# Kayak roof rack



## Northwoods (Mar 4, 2011)

What's the advantage of a roof rack that holds your kayak at a slant? Why that versus just leaving it flat during transport?


----------



## notso (Jul 18, 2005)

You can fit more boats on a given width of cross bar. Some might also argue that they're more secure in "cradles" of one form or another, but if tied down properly, cradles are not needed.


----------



## Northwoods (Mar 4, 2011)

Thanks. I will only be hauling one, so I was just going to go with loading it flat. I didn't know if there was anything with aerodynamics or something.


----------



## MetroMan (Mar 7, 2009)

With some cam buckle straps, and maybe a bow strap you'll be just fine.


----------



## solid7 (Dec 31, 2010)

Flat during transport? as in lying directly on the roof of your car/truck, with no sort of roof rack, whatsoever? 

C'mon, really?


----------



## narfpoit (Jun 16, 2004)

The most secure way I have found is upside down on my rack with no pads or cradles and ratcheting straps (I use Thule cross bars so there is plenty of surface area to take the load). When I have to carry 2, one goes flat and the other goes in the "J" cradles. I get blown around a lot when I have a kayak in the cradle. It is much less aerodynamic so I only use it if I have too.


----------



## solid7 (Dec 31, 2010)

I'm good with straddling a roof rack. I have a stand-up paddle board also, and rather than stand the 2 up on edge, I lay the kayak in foam cradles (as it would sit in the water) that sit on the cross bars of my roof rack. I use ratchet straps to secure the kayak. Then, I put the paddleboard on top of the kayak, and wrap the ratchet straps around the kayak and paddleboard. By not putting the paddleboard straps back to the rack, I eliminate the "guitar string" effect of a long stretching strap.

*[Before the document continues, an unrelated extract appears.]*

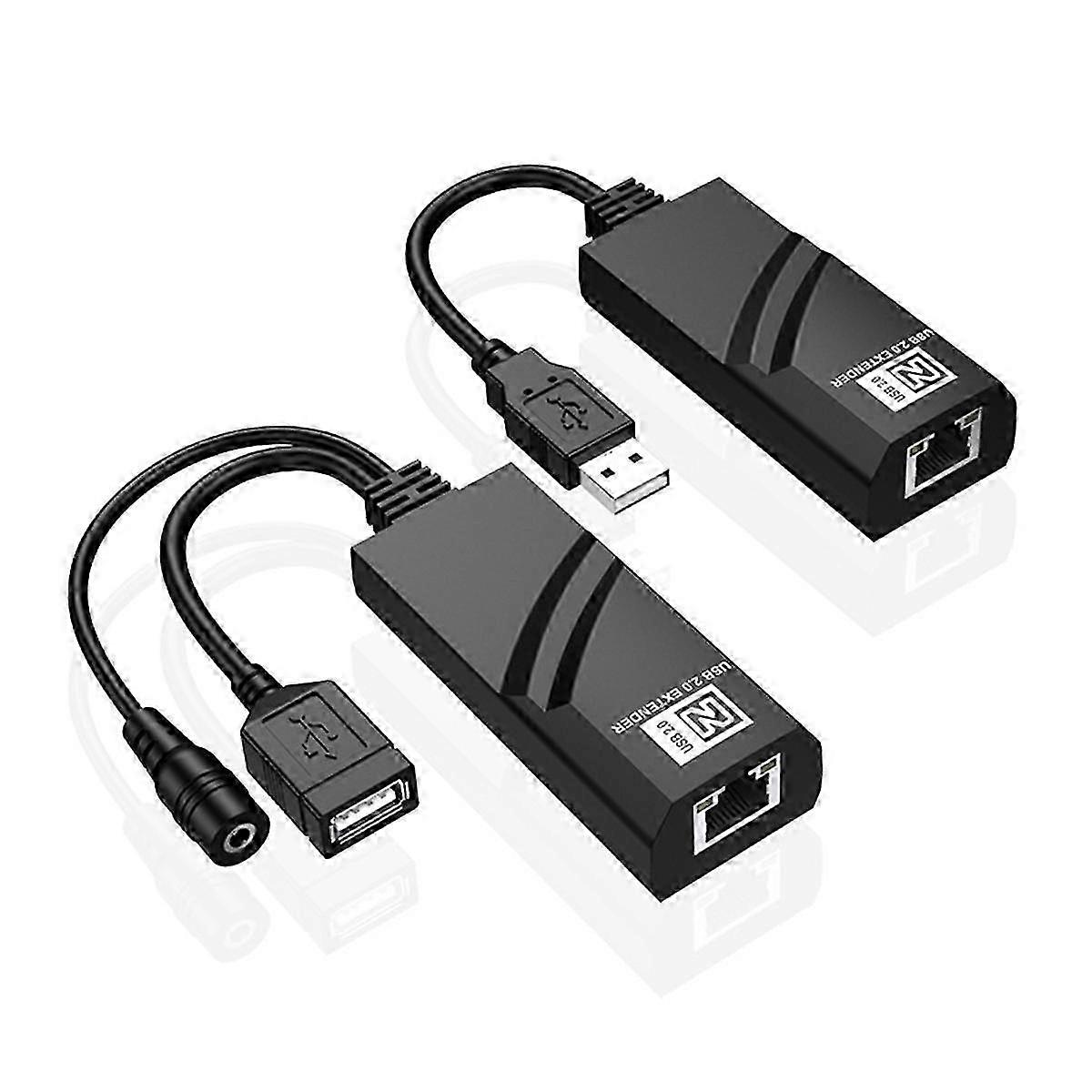 USB 2.0 Extender over Cat5 Cat5E Cat6 Ethernet Cable Transfer Up to 100M RJ45 Receiver with DC5V/2A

As far as cradles go, I don't think it's a matter of need... It's just easier to load the kayak into cradles. I don't say that lightly - I have loaded large and small kayaks, and I say with absolute certainty that the cradle holds a big loading advantage over flat loading. Especially when you are all by yourself...


----------



## Northwoods (Mar 4, 2011)

solid7 said:


> Flat during transport? as in lying directly on the roof of your car/truck, with no sort of roof rack, whatsoever?
> 
> C'mon, really?


I tried flat with the foam things and didn't really like it. I was just using the truck at first, but I have a older Kia I use for a work car that gets much better gas mileage so I was thinking about upgrading from the foam and getting an aftermarket roof rack. There are no channels or anything to attach the rack to, so I was thinking about a Thule or something similar. I would rather go with something that I could just lay it flat since I only need to put one up there. I was just wondering if there were any advantages to the J ones. From what everybody says, I guess the only advantage is transporting more than one at a time. Thanks for the help everyone!


----------



## 7.62 (Apr 15, 2011)

And, as Solid7 said, loading advantage with the J hooks is huge.


----------



## solid7 (Dec 31, 2010)

7.62 said:


> And, as Solid7 said, loading advantage with the J hooks is huge.

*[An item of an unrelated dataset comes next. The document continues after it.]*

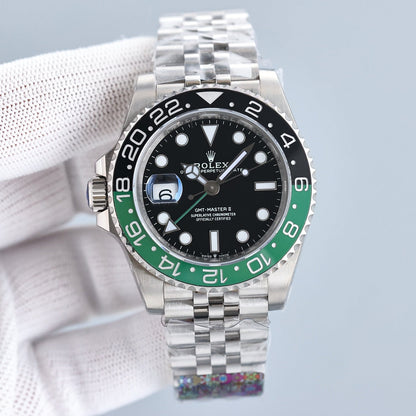 GMT-MASTER II CUSTOM GREEN BLACK BEZEL JUBILEE BRACELET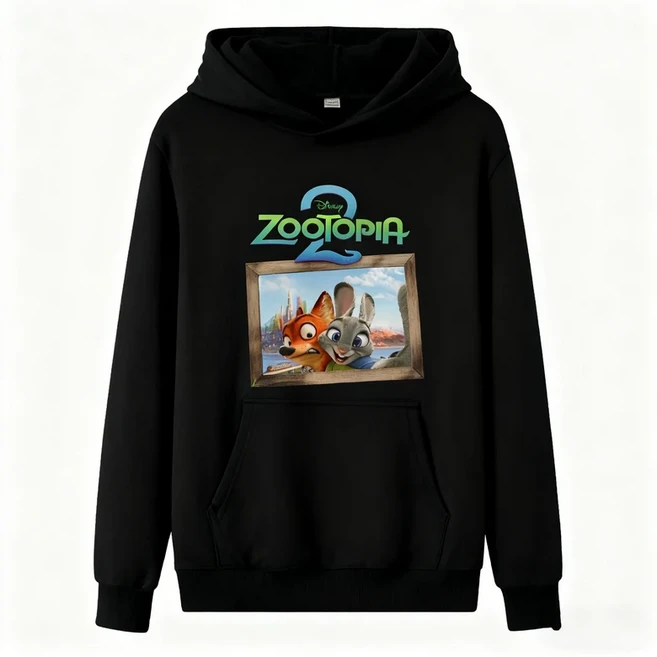 올스토어 【Zootopia 2】닉 와일드와 주디 홉스 프린트가 있는 남성 후드티 가을 겨울 신상품 코튼 캐주얼, 05 XXXL 사이즈, 03 1127-JCS-wzm-15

Nope, foam cradles is what I said. I hate the J hooks. Anything that involves rotating the boat is bad business. Believe me, I've dropped enough kayaks to know. 

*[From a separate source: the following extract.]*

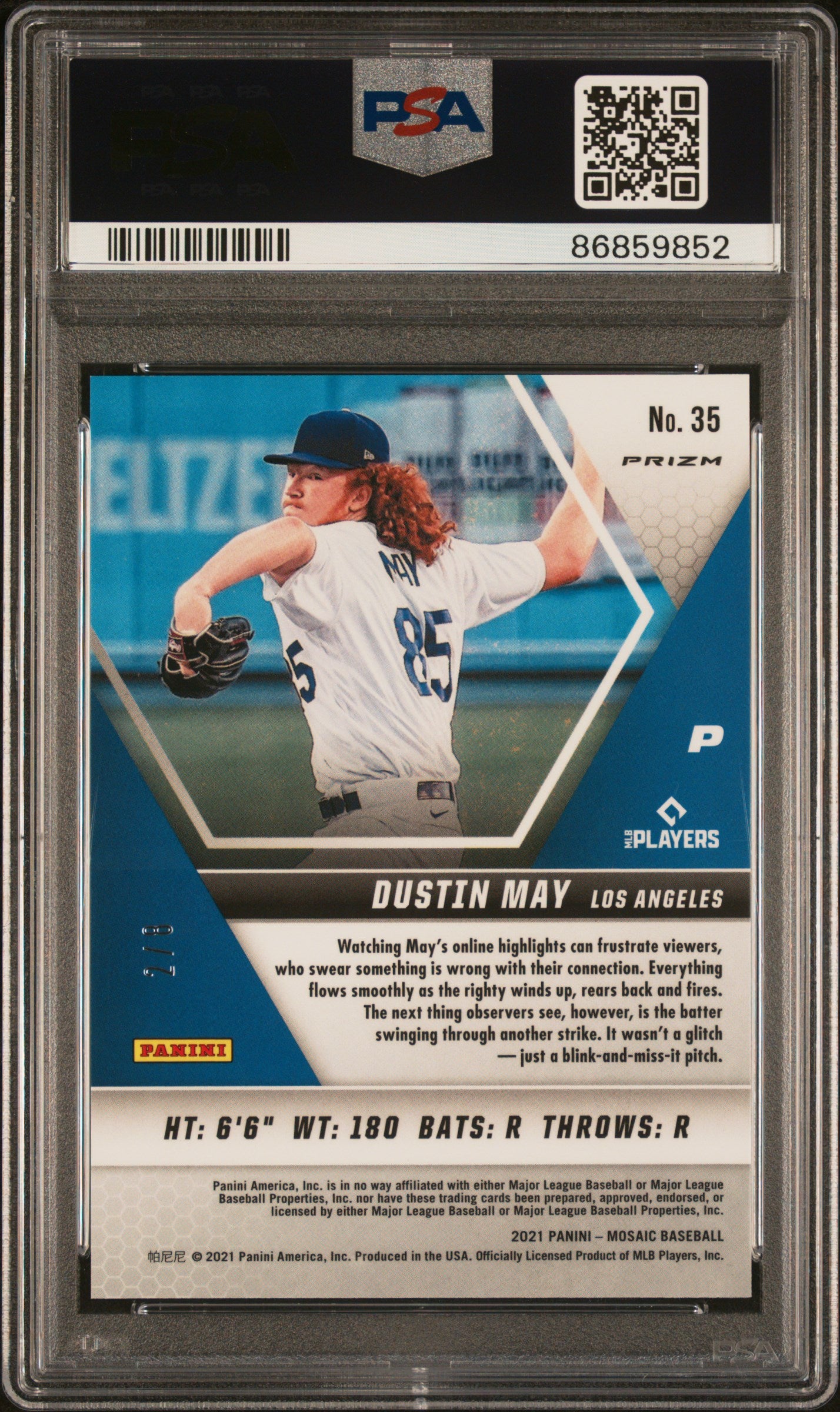 2021 Panini Mosaic Black Gold Choice Dustin May /8 PSA 10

Not to mention trying to steer an SUV in a stiff crosswind with a sideways kayak.... That SUCKS.


----------



## Carolina Rebel (Aug 25, 2005)

I have tried a few things: Pool noodles on the roof with ratchet straps, this required extensive setup but was cheap and secure; Yakima rack with hollow pool noodle over bars to prevent slippage and ratchets, not as cheap, but at least as secure and MUCH easier setup; and finally, Yakima rack with posts for sideways loading, and ratchet straps. Latter works well for two kayaks, but you need to be careful when rigging up the ratchets, and take into account that the post will have some flexibility. This flexibility can be combated with a wrap of the ratchet about midway up the post. There will still be a little wiggle there, and that's OK. If you don't account for it your kayaks will move ALOT. May not fly off, but the lateral motion is nerve wracking. Easiest setup? As solid7 mentioned, straight roof rack with foam on top. In my opinion, loading the kayak sideways isn't much tougher on level ground than loading flat, but securing it properly with straps takes some extra time. On an incline, loading kayaks sideways SUCKS with one person, wouldn't be too bad with 2. I've made a couple long trips with a pair of sideways kayaks, they definitely catch more crosswind. Given you're only loading one, I'd invest in some foam pads and load that sucker flat.


----------



## notso (Jul 18, 2005)

solid7 said:


> Nope, foam cradles is what I said. I hate the J hooks. Anything that involves rotating the boat is bad business. Believe me, I've dropped enough kayaks to know.
> 
> Not to mention trying to steer an SUV in a stiff crosswind with a sideways kayak.... That SUCKS.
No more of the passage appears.